Crowdsourcing, a term first coined by Jeff Howe in a Wired magazine article in June 2006, describes the trend of leveraging the masses to do something that was traditionally done in-house by a business or outsourced to contractors. It’s a favourite if tired buzzword, still often used by journalists and writers when waxing lyrical on how businesses can take advantage of new Web 2.0 technologies to solicit ideas and opinions.
Crowdsourcing can be a tremendously useful way to engage a greater audience. Not only can they help you to define your product or service, in many cases it can even help you drive down business costs. The Wired magazine article gave a great example of how a museum chose to purchase stock photos taken by amateurs instead of going for ones taken by a professional, thereby saving hundreds if not thousands of dollars.

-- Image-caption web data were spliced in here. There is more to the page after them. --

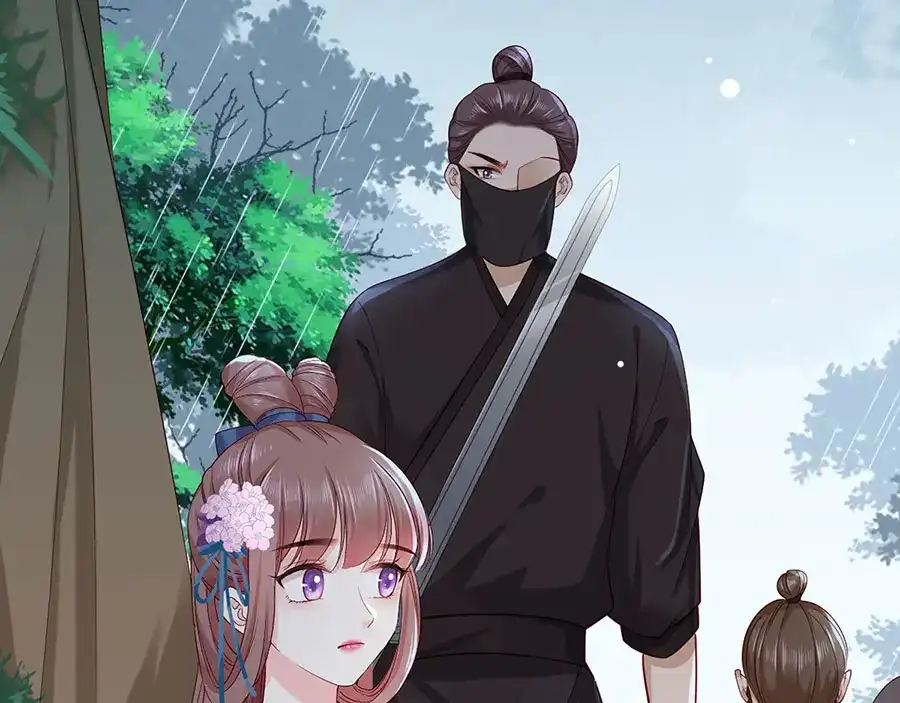 《女首富之娇宠摄政王》第23话 该还债了！渣男！ 第59页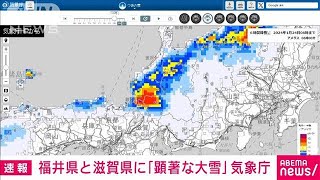 福井県と滋賀県に顕著な大雪に関する情報　大規模な交通障害が発生の恐れ　気象庁(2024年1月24日)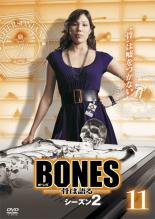 【バーゲンセール】【中古】DVD▼BONES ボーンズ 骨は語る シーズン2 Vol.11 レンタル落ち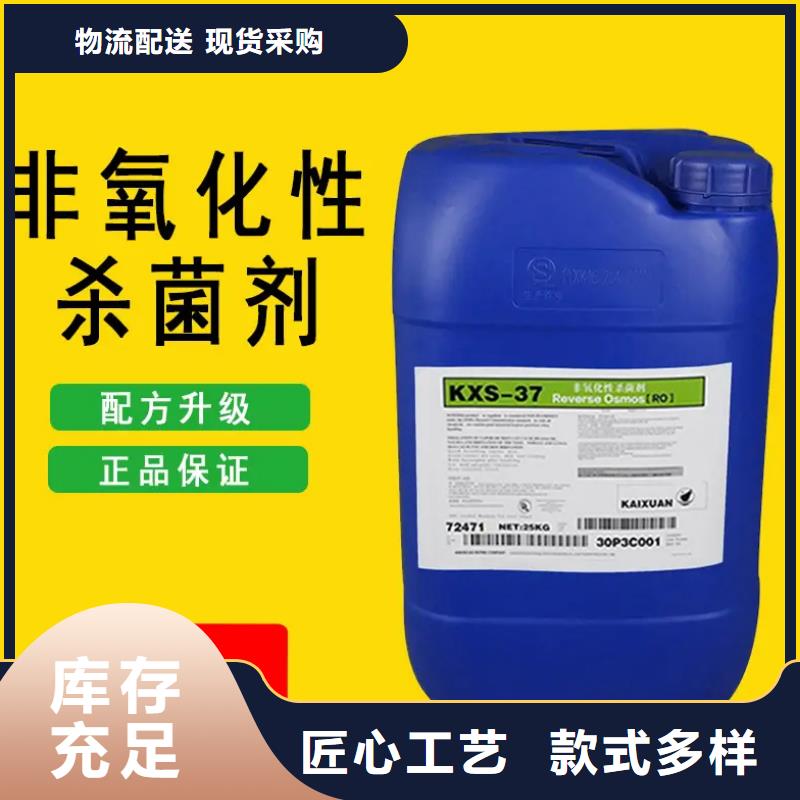 杀菌灭藻剂聚合氯化铝喷雾打造好品质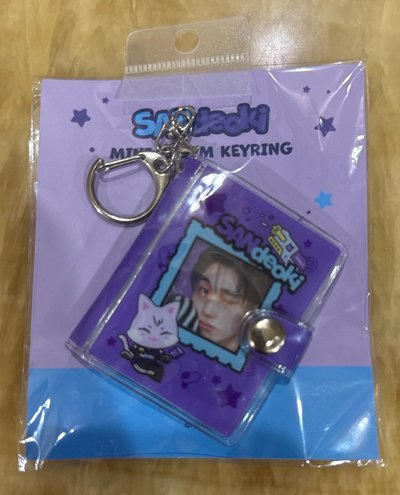 ATEEZ周邊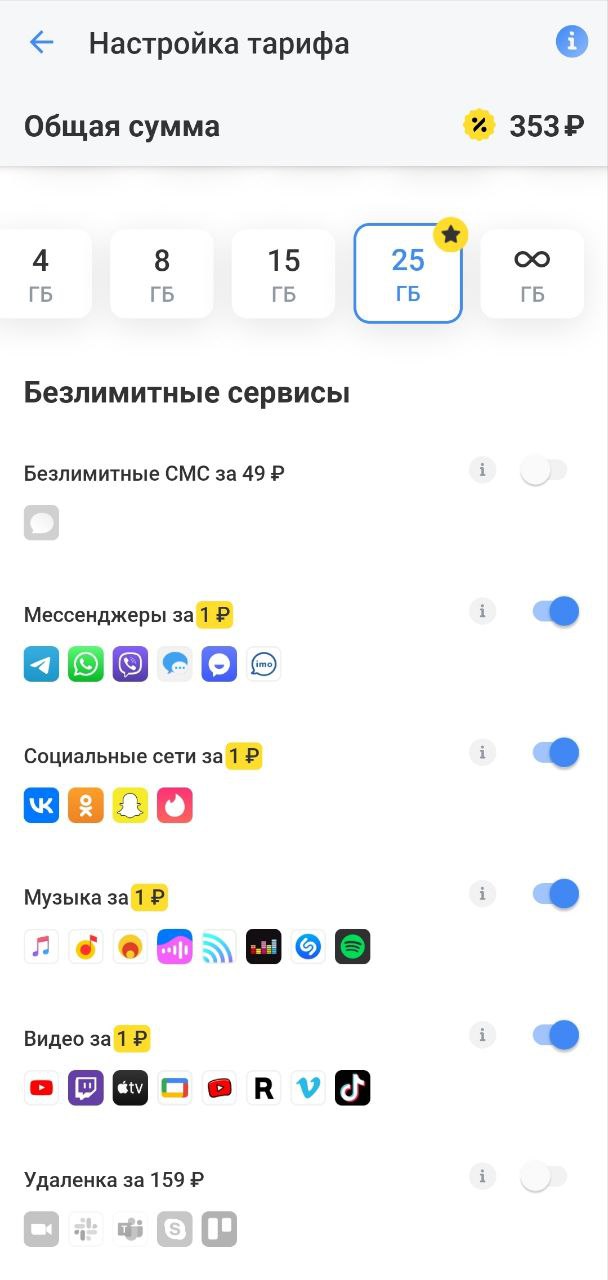 screenshot of tinkoff mobile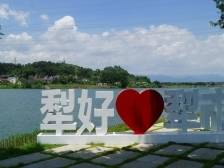 “犁好·犁市”：景美人和 业兴民富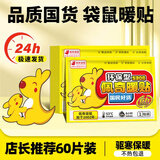 佩奇袋鼠暖宝宝贴生理期暖贴大姨妈暖宫贴痛经保暖热敷艾草发热贴四季暖身 拍30送30片暖贴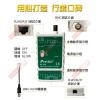 MT-7031 寶工 Pro'sKit 迷你網絡測試器DC60V輸入保護電路可測線長300M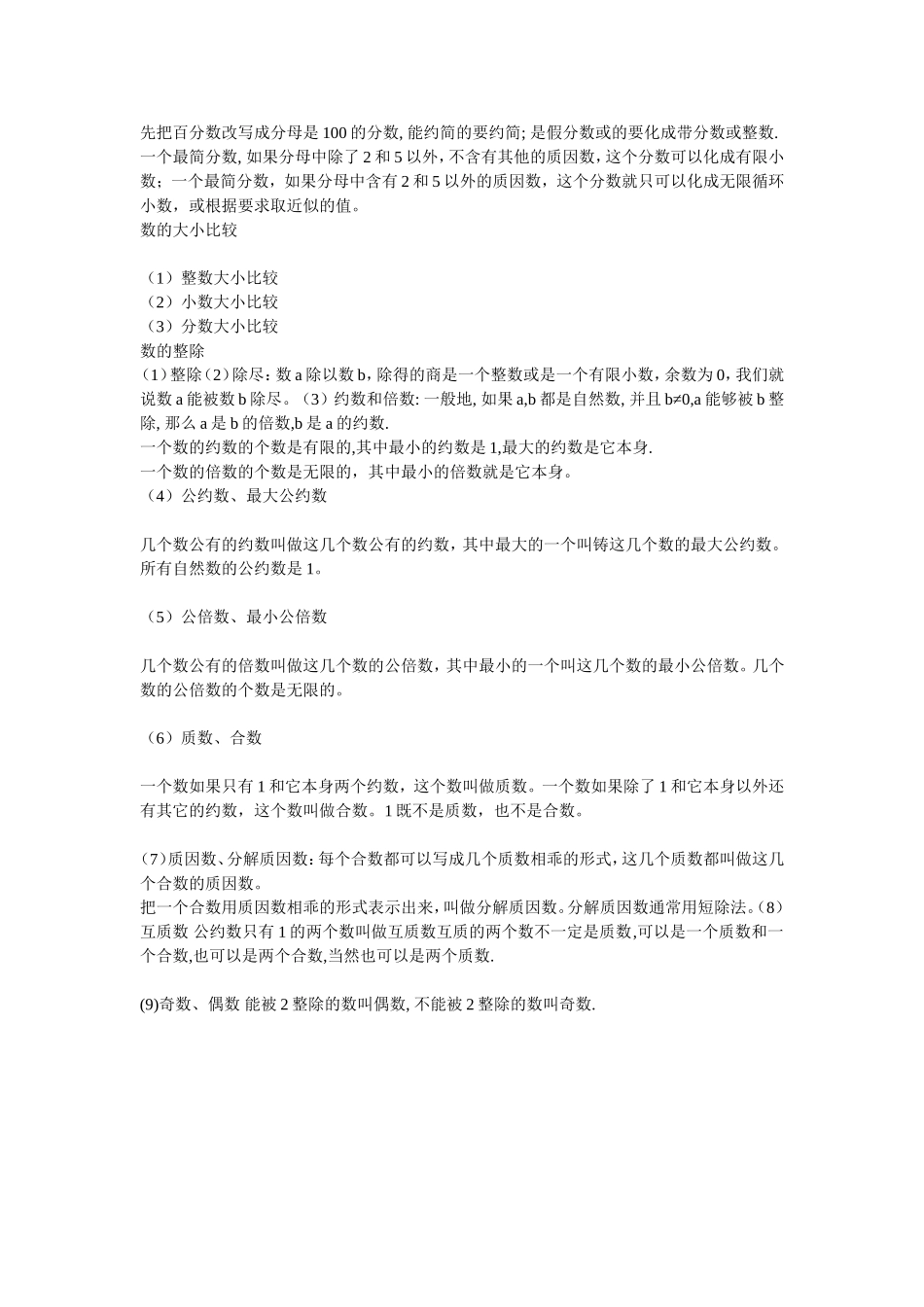 温习资料[资料]_第3页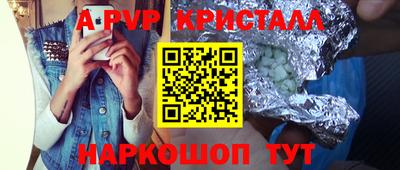 метадон Краснокаменск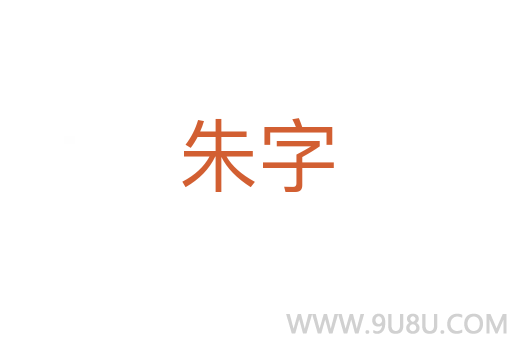 朱字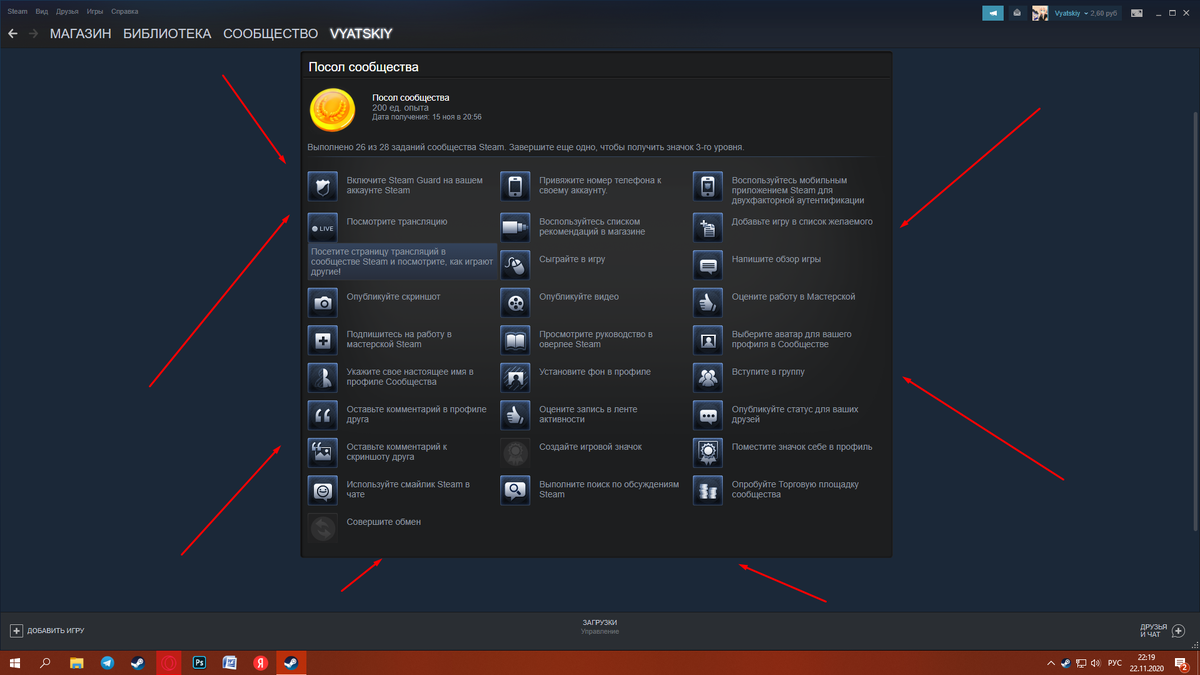 Уровни стим таблица и что они дают Спільнота Steam :: Посібник :: Cheap steam profile icons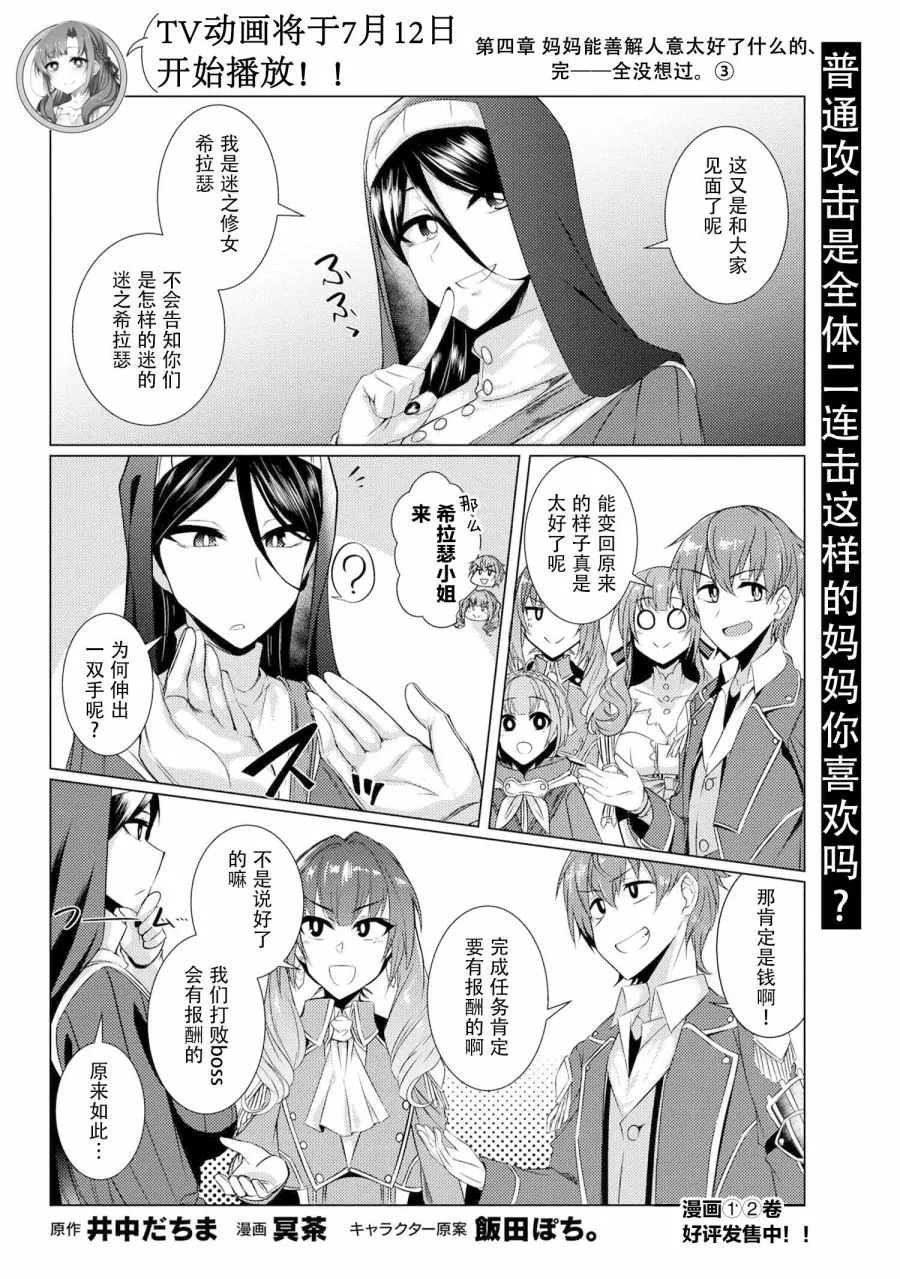 第4.3话 第1页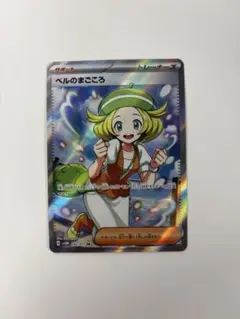 ベルのまごころ SR sv5M サイバージャッジ 092/071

But it can also go horribly wrong.
Recently JTC Corporation ran a nationwide competition to name 10 new buildings in Fusionopolis, a site identified as Singapore’s key science, technology and media hub. Entries would be judged by a panel of six experts from education, media and other industries.
This is the shockingly poor result. A building called Connexis? Stylis? Symbiosis? If these were supposedly the best of the lot, either the judges were drugged out or the quality of entries had been disastrously poor. Ironic, considering all the innovation and creativity that is expected to ooze of out the high-tech hub.
It’s perfectly fine to solicit feedback from the public, and I’m all for competitions. The greater issue here is the impact on branding. These ten buildings are going to last many decades, and unfortunately now they’re saddled with names that are unpronounceable and meaningless to most Singaporeans.
My sympathies for the poor cabbies, and their passengers, headed for Fusionopolis.